## The task
The range runs from the line containing "Kinky Straight Knotless" through the last line of the material below; retype it exactly, leaving out the pictures.

## Listed records
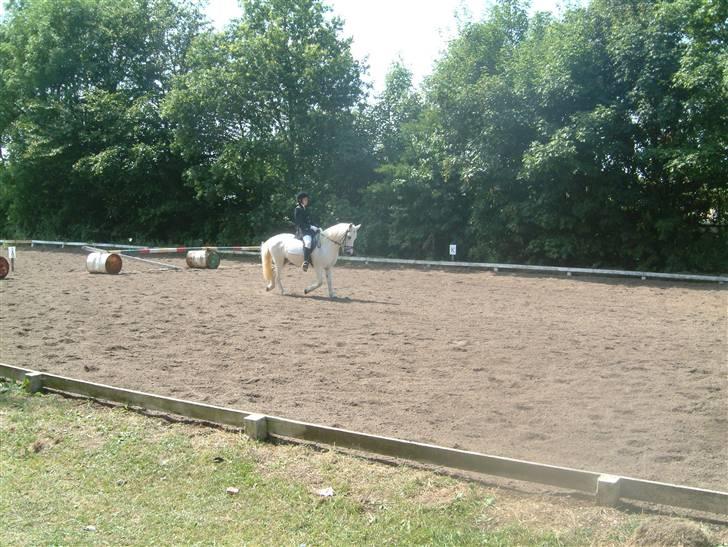 Anden særlig race Coco billede 6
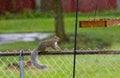 Gray squirrel ready to jump from fence to birdfeeder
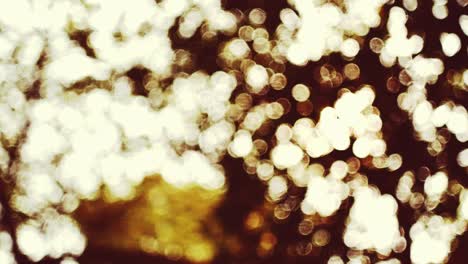 bokeh dorado y fondo borroso.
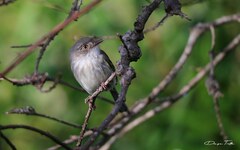 Hemitriccus margaritaceiventer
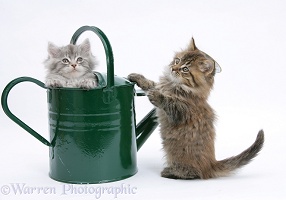 Maine Coon kittens playing with a watering can
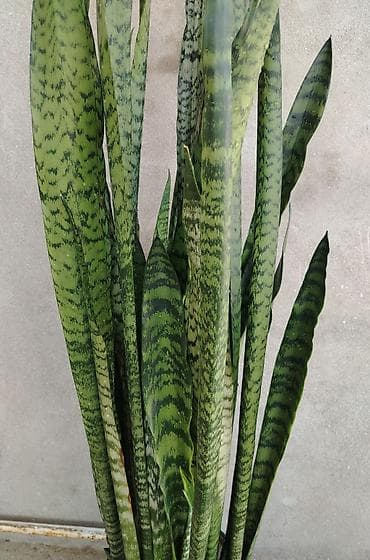 palet satisi: Satılır 🌿 Sansevieria (Qayınana dili) dibçək gülü satılır. Ev və ofis — 2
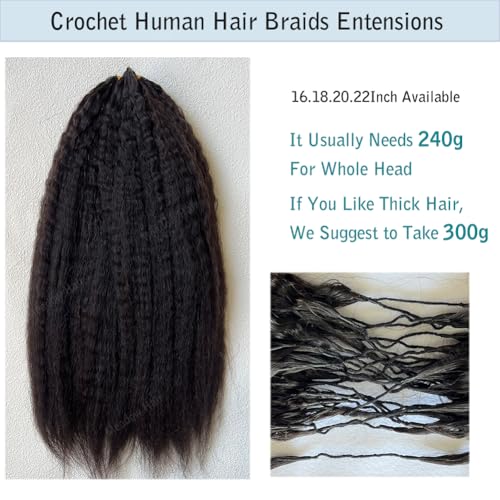 Kinky Straight Knotless Pre Separated Crochet Human Hair Extensions Pre Looped Braids Bundles With Threading Burmese Virgin Human Hair for Braiding Micro Link Meadow Hair 18inch 60g
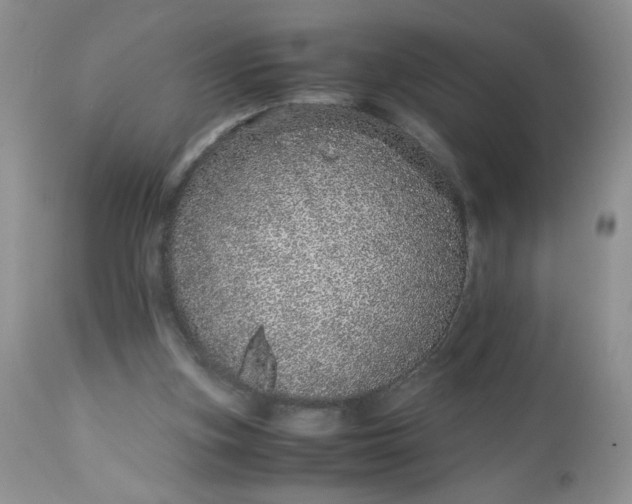 X0000113560155200910091423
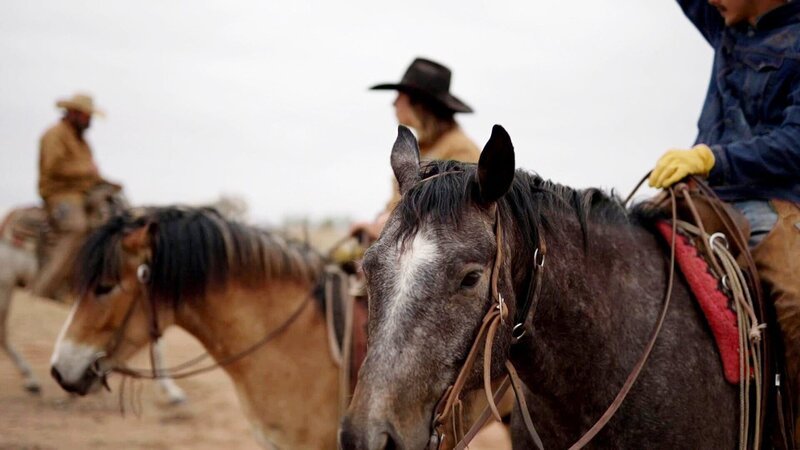 Fremder Stern Texas – Mehr als Cowboys, Öl und Wilder Westen Cowboys und Delfine In Texas treffen Moderne und Traditionen unmittelbar aufeinander. – Bild: SRF/​Eikon Nord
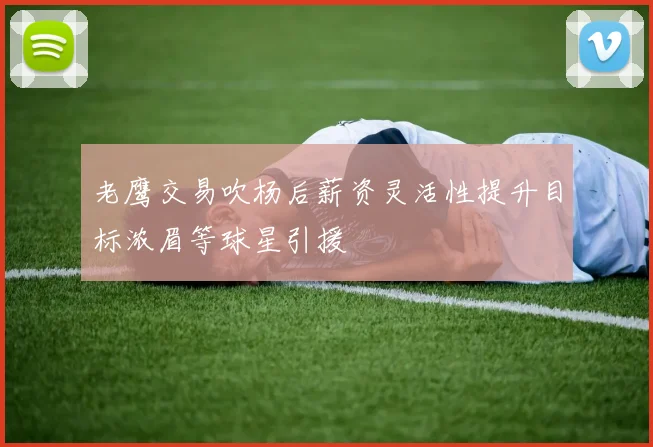 老鹰交易吹杨后薪资灵活性提升目标浓眉等球星引援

## Solution to this task
 Kinky Straight Knotless Pre Separated Crochet Human Hair Extensions Pre Looped Braids Bundles With Threading Burmese Virgin Human Hair for Braiding Micro Link Meadow Hair 18inch 60g
 X0000113560155200910091423
 Fremder Stern Texas – Mehr als Cowboys, Öl und Wilder Westen Cowboys und Delfine In Texas treffen Moderne und Traditionen unmittelbar aufeinander. – Bild: SRF/​Eikon Nord
 老鹰交易吹杨后薪资灵活性提升目标浓眉等球星引援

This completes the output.